■ **Exercise**
Print every line from the start of the data, and when you reach the line with "Exclusivo piso todo", include it and stop. Pictures are not part of the copy.

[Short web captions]
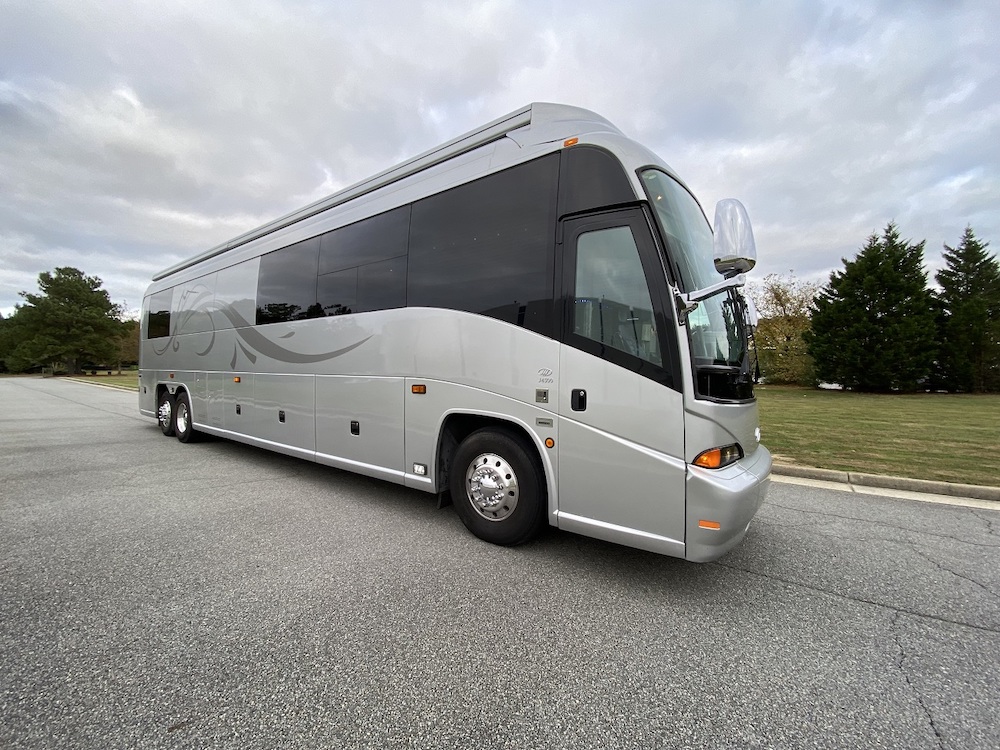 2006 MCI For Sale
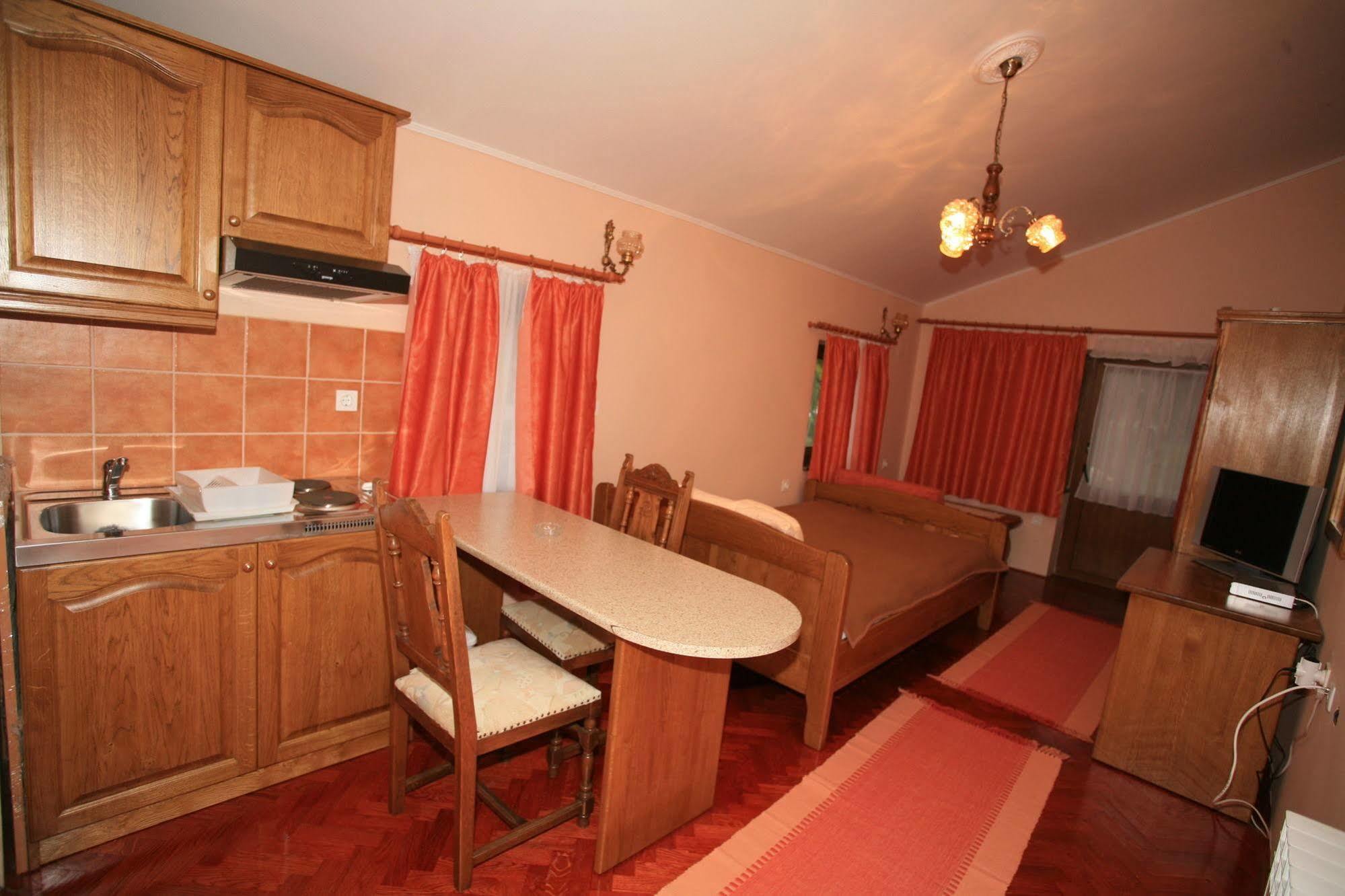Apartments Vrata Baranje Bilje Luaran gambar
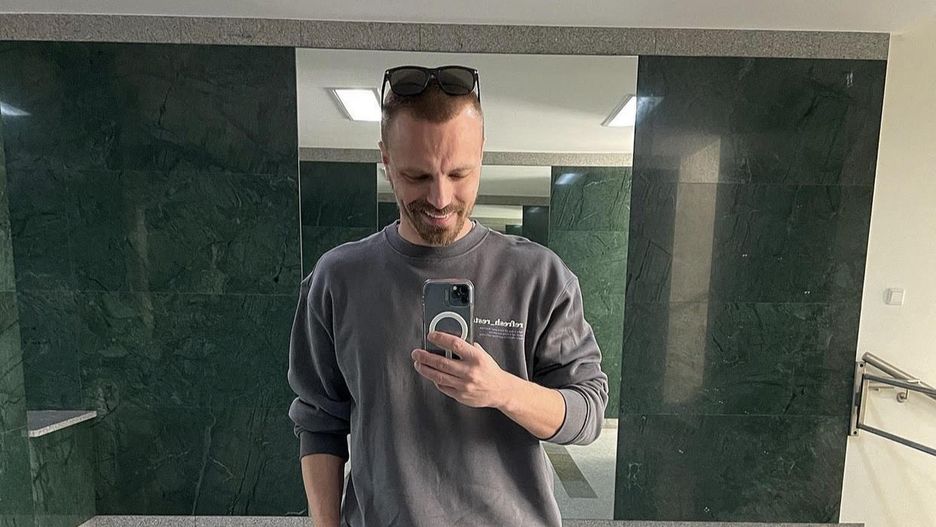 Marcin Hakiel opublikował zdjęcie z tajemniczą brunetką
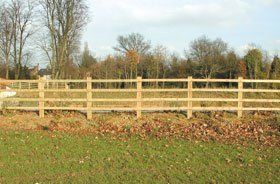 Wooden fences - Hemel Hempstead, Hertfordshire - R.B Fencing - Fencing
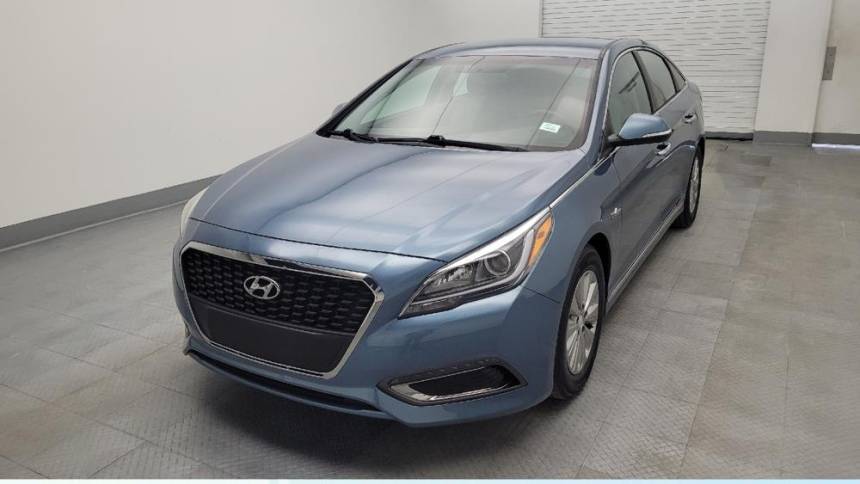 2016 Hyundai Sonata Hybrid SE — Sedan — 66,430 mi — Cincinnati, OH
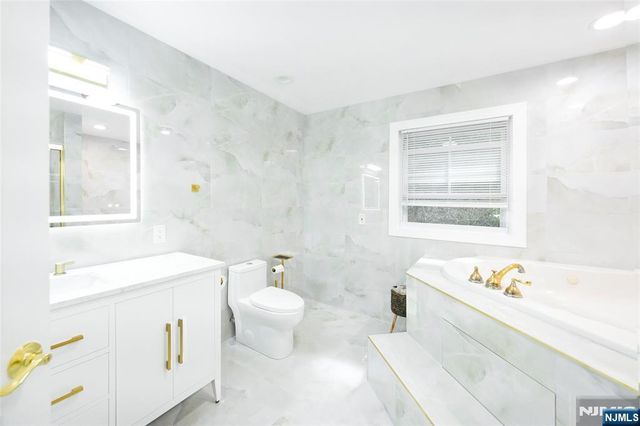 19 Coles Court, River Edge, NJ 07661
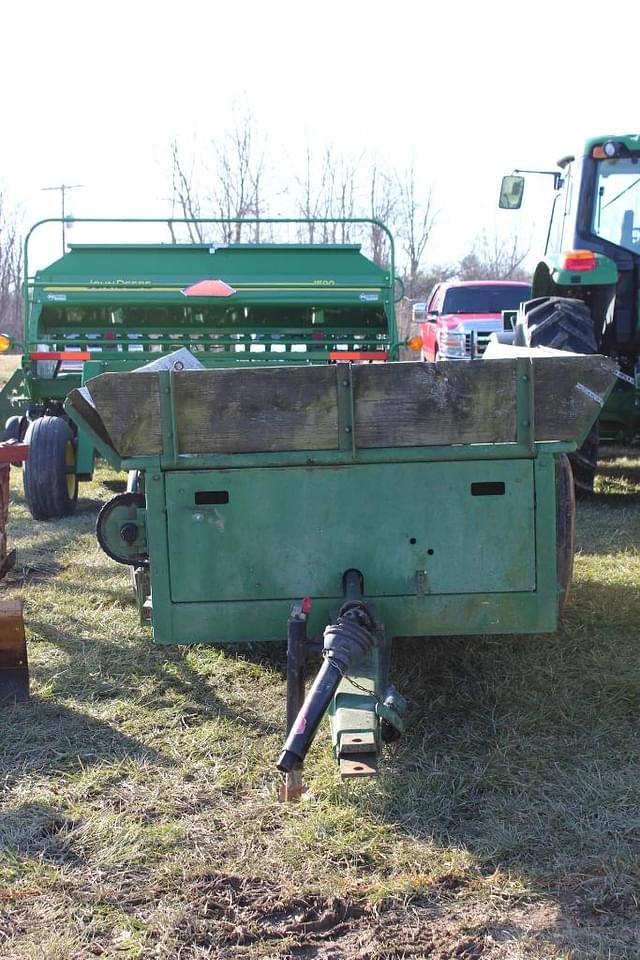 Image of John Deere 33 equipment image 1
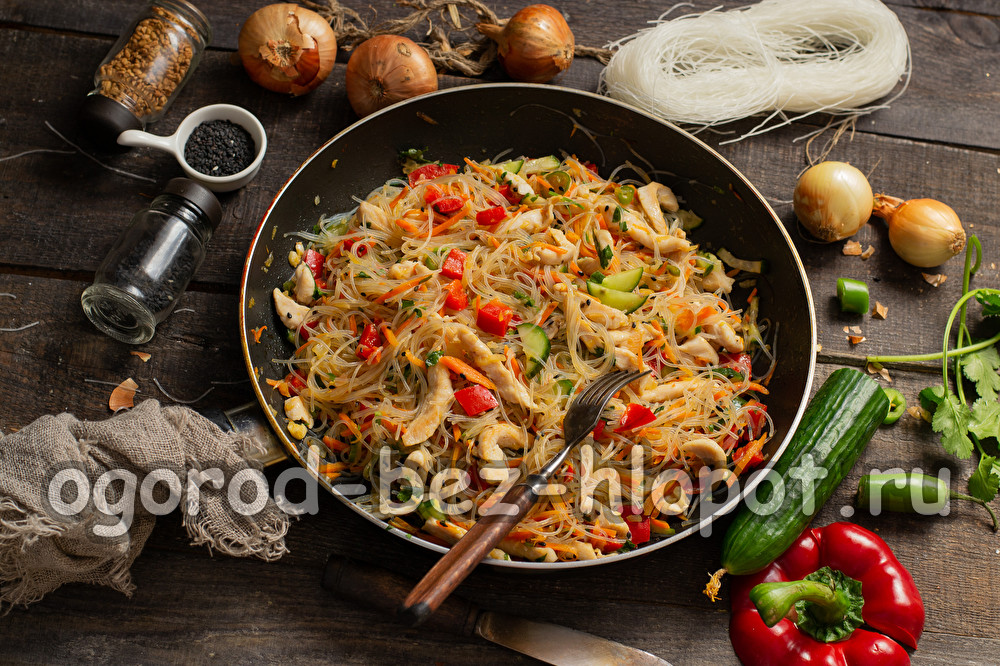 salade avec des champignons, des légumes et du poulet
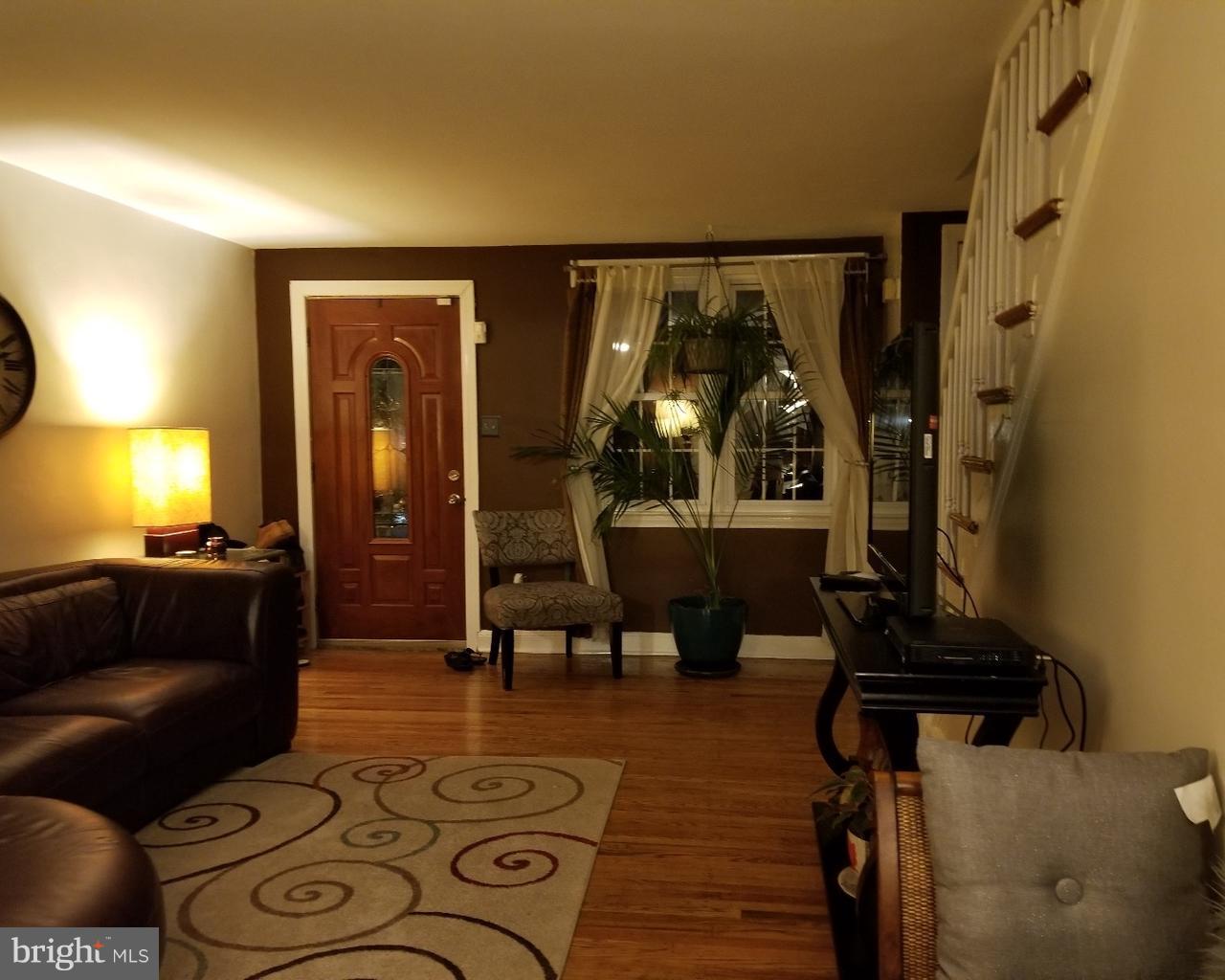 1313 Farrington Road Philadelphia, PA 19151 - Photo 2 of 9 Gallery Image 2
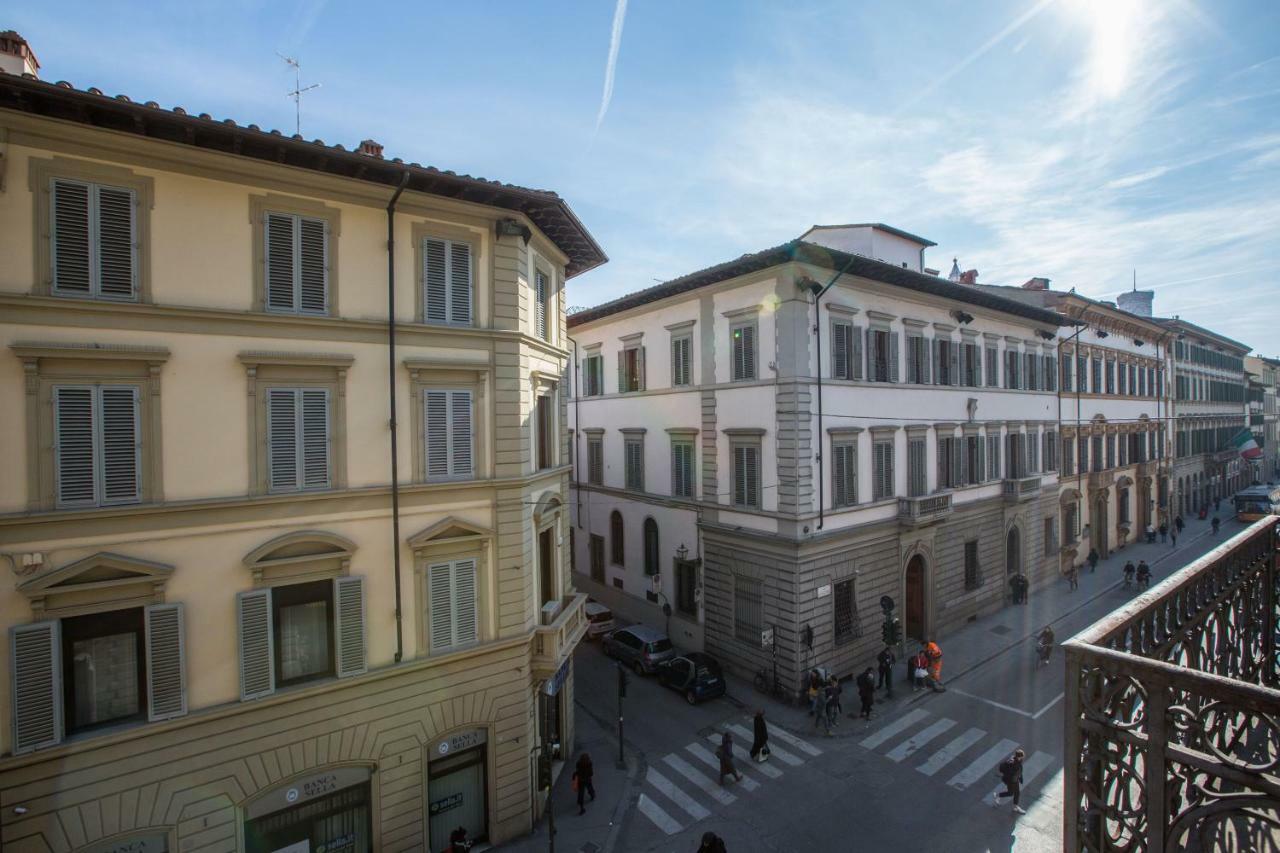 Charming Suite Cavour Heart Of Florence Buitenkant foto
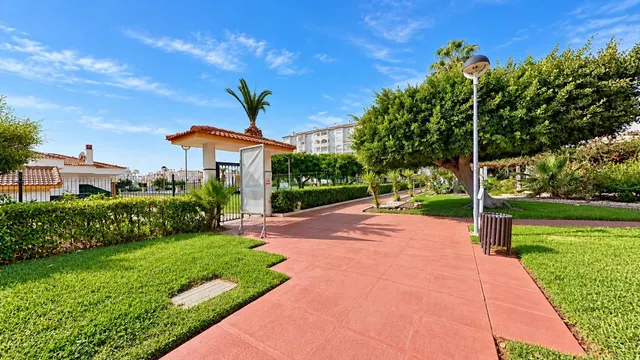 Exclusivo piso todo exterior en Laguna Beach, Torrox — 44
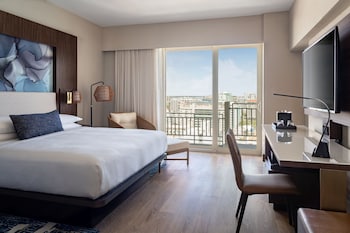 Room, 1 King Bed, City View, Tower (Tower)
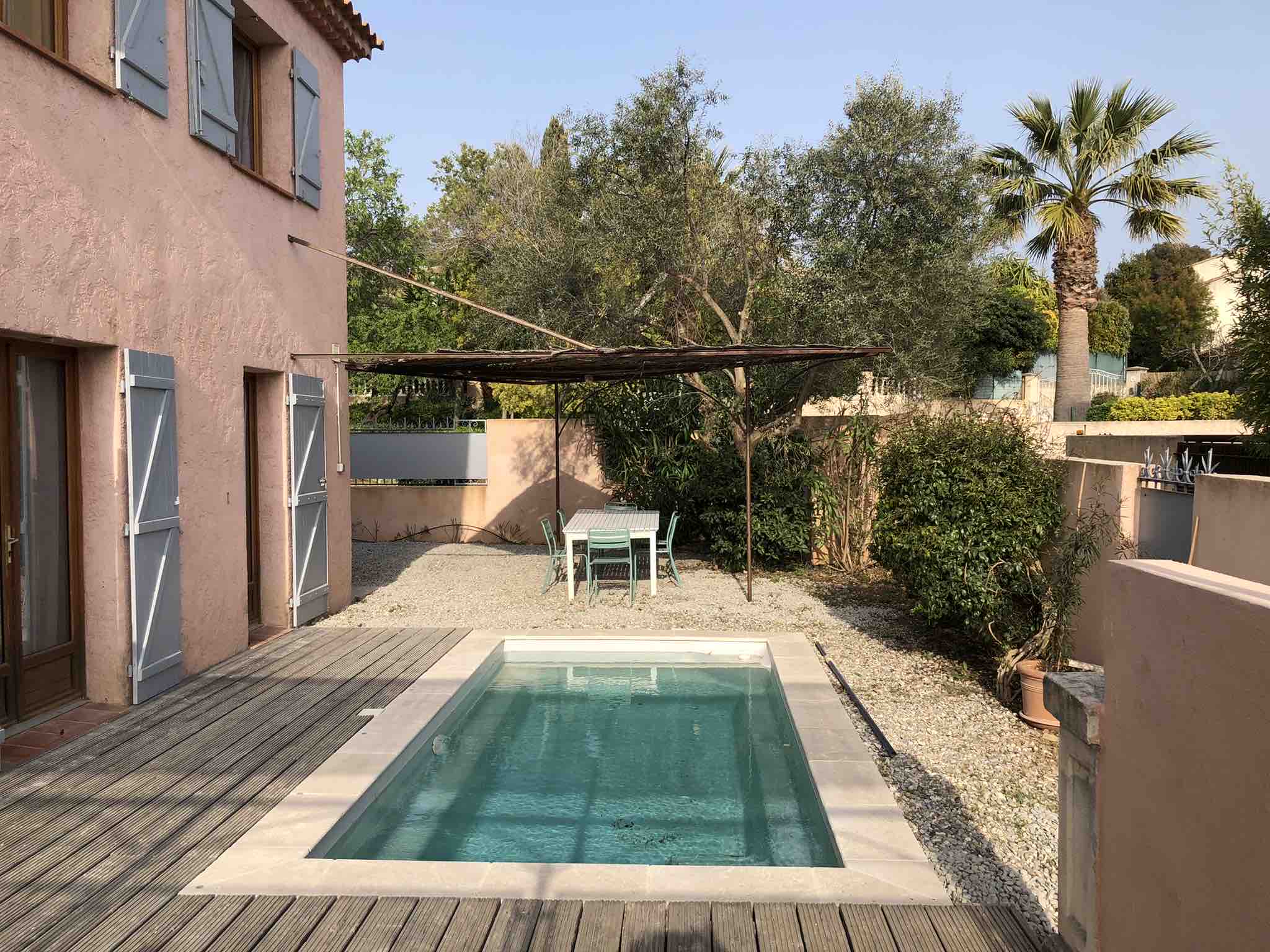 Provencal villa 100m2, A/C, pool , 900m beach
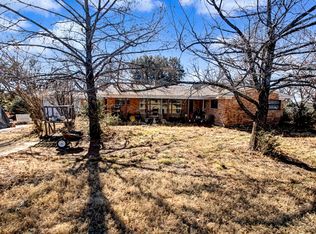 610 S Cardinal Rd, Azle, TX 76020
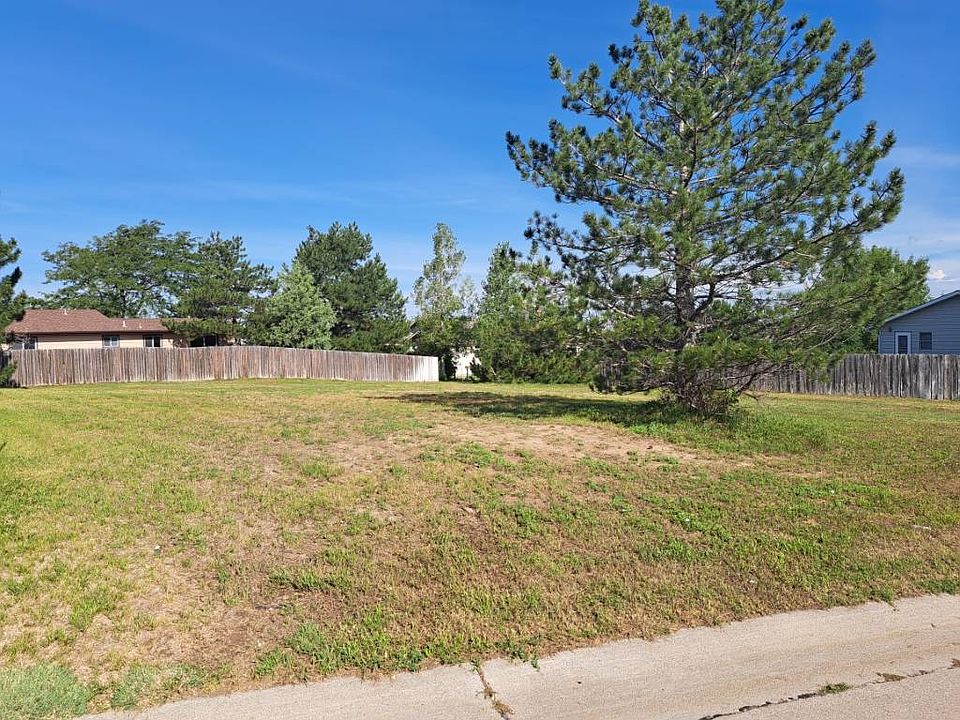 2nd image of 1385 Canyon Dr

■ **Output for this task**
 2006 MCI For Sale
Apartments Vrata Baranje Bilje Luaran gambar
 Marcin Hakiel opublikował zdjęcie z tajemniczą brunetką
 Wooden fences - Hemel Hempstead, Hertfordshire - R.B Fencing - Fencing
 2016 Hyundai Sonata Hybrid SE — Sedan — 66,430 mi — Cincinnati, OH
 19 Coles Court, River Edge, NJ 07661
 Image of John Deere 33 equipment image 1
 salade avec des champignons, des légumes et du poulet
 1313 Farrington Road Philadelphia, PA 19151 - Photo 2 of 9 Gallery Image 2
 Charming Suite Cavour Heart Of Florence Buitenkant foto
 Exclusivo piso todo exterior en Laguna Beach, Torrox — 44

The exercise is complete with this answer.